Pictures aside, print all of the data below exactly as written.

Data shown:
>>>
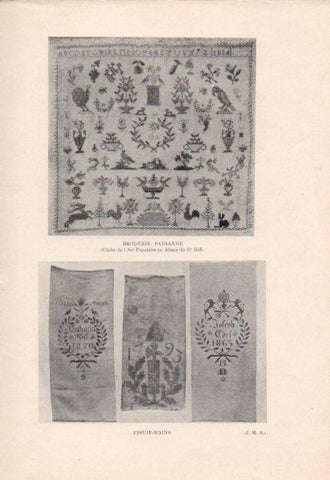 LAMINA V23469: Broderie paysanne et essuie-mains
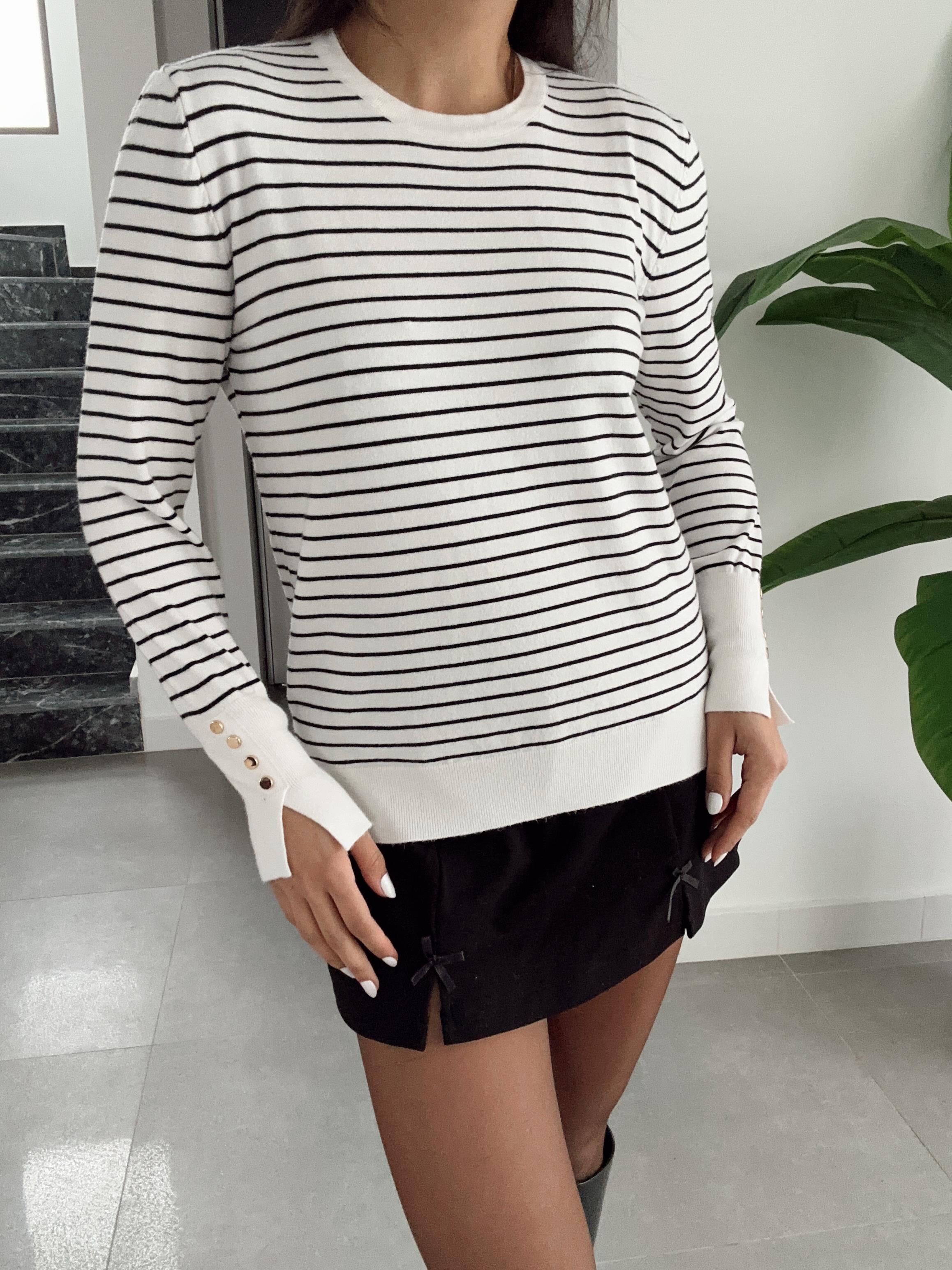 M-D Ekru-Siyah Çizgili Triko Bluz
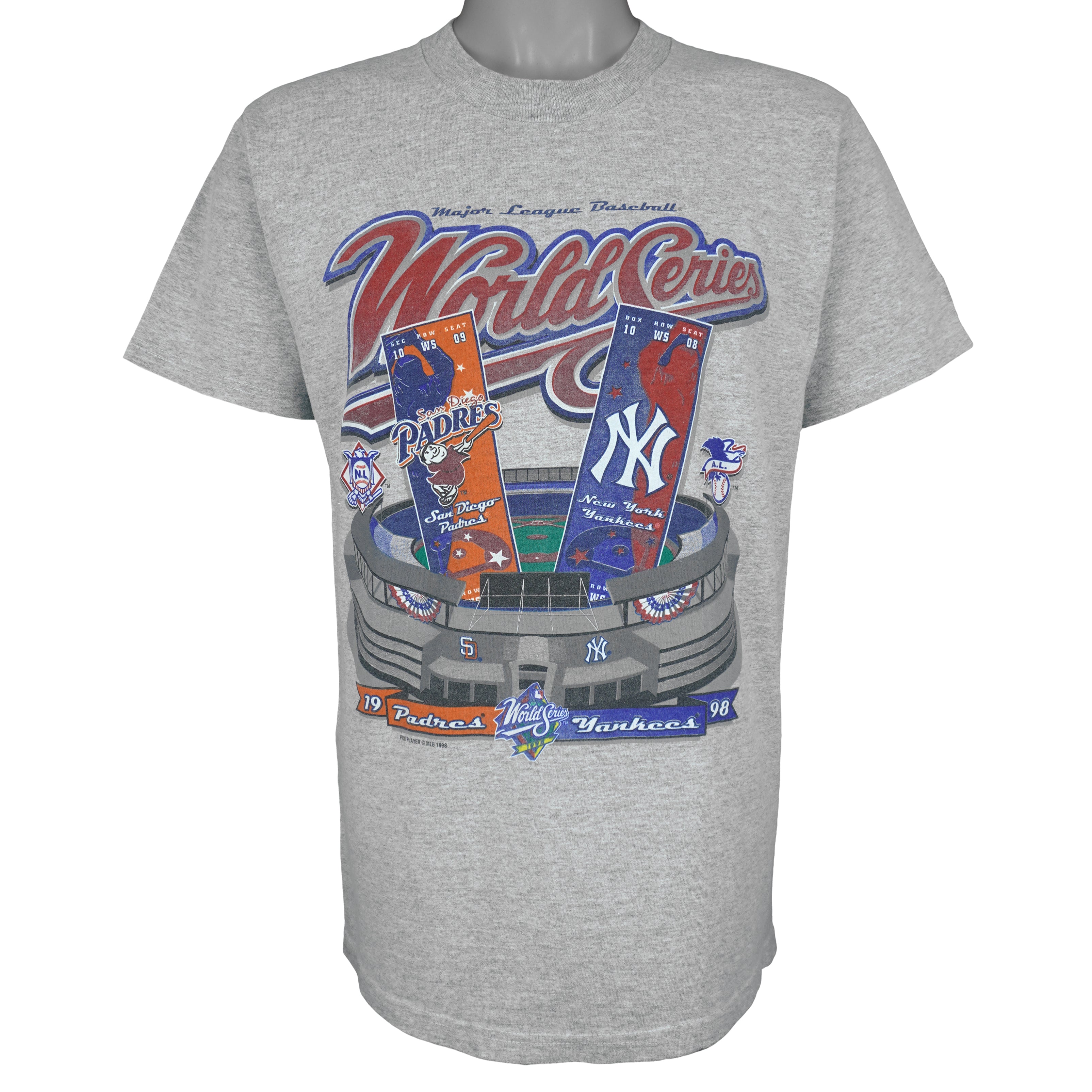 MLB (Pro Player) - World Series New York Yankees VS San Diego Padres T-Shirt 1998 Medium Vintage Retro Baseball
<<<
Answer area:
 LAMINA V23469: Broderie paysanne et essuie-mains
 M-D Ekru-Siyah Çizgili Triko Bluz
 MLB (Pro Player) - World Series New York Yankees VS San Diego Padres T-Shirt 1998 Medium Vintage Retro Baseball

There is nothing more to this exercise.